There was a time in the 1990s when Tablet was inescapable around Dallas. Between 1993 and 1997, they were pegged to go the way of Tripping Daisy, the Toadies and Old 97's, with their songs on the radio and playing live quite a bit. But when frontman Steve Holt stepped away from the band after one album on Mercury Records, it was all over.
Now, almost 20 years later, Holt and Tablet are back together for a vinyl reissue of their album Pinned and a show in April at Gas Monkey Bar N' Grill. And we have Holt's teenage son to thank for why the band got back together.
Holt had moved on to a few different bands after Tablet, including Ohno, Fireworks, the Now and Binary Sunrise. He loved making a living as a science teacher, but the desire to play music again never went away. He kept a copy of Pinned in his car as a memento, but never listened to it. One day on a long drive, his son and friend wanted to hear the CD. Remembering what he loved about the band and their songs, he thought about playing them again.
"Their reaction cleared my head a little bit," Holt remembers. "[Tablet] had a lot of baggage around it. I had changed a lot. I'm proud of what we did, but at the same time I always want to keep moving forward." His son and friend liked what they heard and Holt got to thinking. "I set all my prejudices aside and listened to it with an open mind," Holt says.
While there had been talk of reuniting the band in the past few years, it finally came together after Holt called Tablet guitarist Paul Williams about a reunion. Williams himself had found a lucrative career working as a producer and engineer. After Tablet had worked with Matt Hyde on Pinned, Williams got more interested in the production side of things. Working with a number of acts like Eleven Hundred Springs, Flickerstick, Salim Nourallah and Chris Holt, he's remained very busy on that end, as well as in his roles as co-owner of State Fair Records and a member of Mur.
Holt and Williams contacted Tablet's drummer, David Christopher, and he was game. As far as the bassist situation, the band had included a handful of different ones during their original time together. They decided to ask Williams' Mur bandmate Max Hartman to play bass, thus rounding out the lineup. The new version played a private show at Poor David's Pub last December.
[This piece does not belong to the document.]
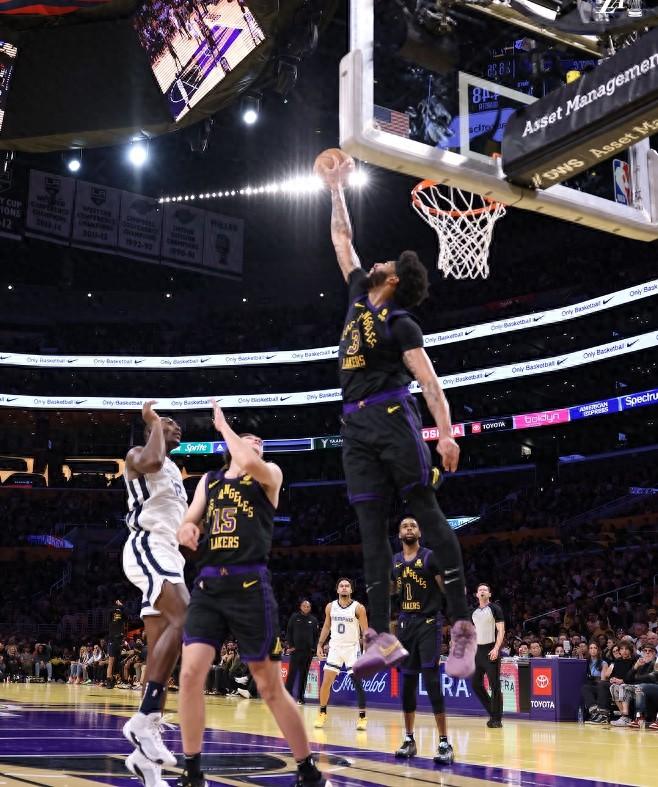 NBA季中锦标赛，湖人134-107大胜灰熊，这比赛打得确实太轻松了！

1.詹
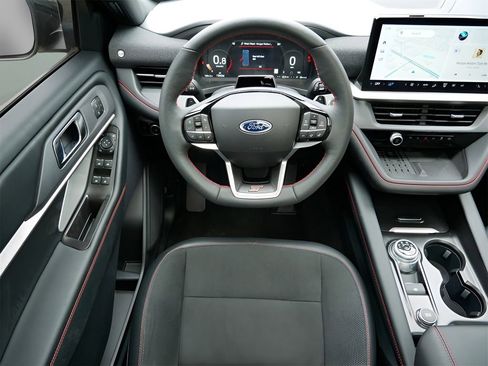 Used 2025 Ford Explorer ST image 14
"When we first got in the room to play together, there's an undeniable sound that we make," Williams says. "The type of energy and power we have as a group is unique in what we do. There's a lot of quirky stuff and melodies in the songs."
With a 180-gram vinyl reissue of Pinned on State Fair happening, plus work underway on songs the band never released, there is considerable excitement going into the show in April. "We're doing a lot of songs from Pinned and we have another 10 or 12 tunes that we all liked that we played back then," Williams says. Holt realizes how rare it was that bands like Caulk, Funland and Radish got major label interest just off of local momentum. "We worked really hard, but the way things lined up, the timing — it was amazing," he says. "You can either get really negative about it or you can say, 'God damn, we were lucky to actually be a part of that and live through it.'"
But while other '90s bands like Jibe have also reunited recently, Holt isn't living in the past. "I mean, there's a shitload of interesting things going on right now," he says. He sees no end in sight of amazing bands and with streaming making music so accessible to hear now, he looks forward to the future. "If you focus on the problem, the problem gets bigger," he adds. "If you focus on the solution, the solution gets bigger."
Holt loves seeing venues like Dada, Three Links and Trees bring in local and national acts, and he hopes matters in Deep Ellum continue on an uphill swing. "In retrospect, I hope it happens again for my son," Holt says. "Whatever he experiences, I hope there's something amazing that he can look back on and feel happy that he was a part of something significant."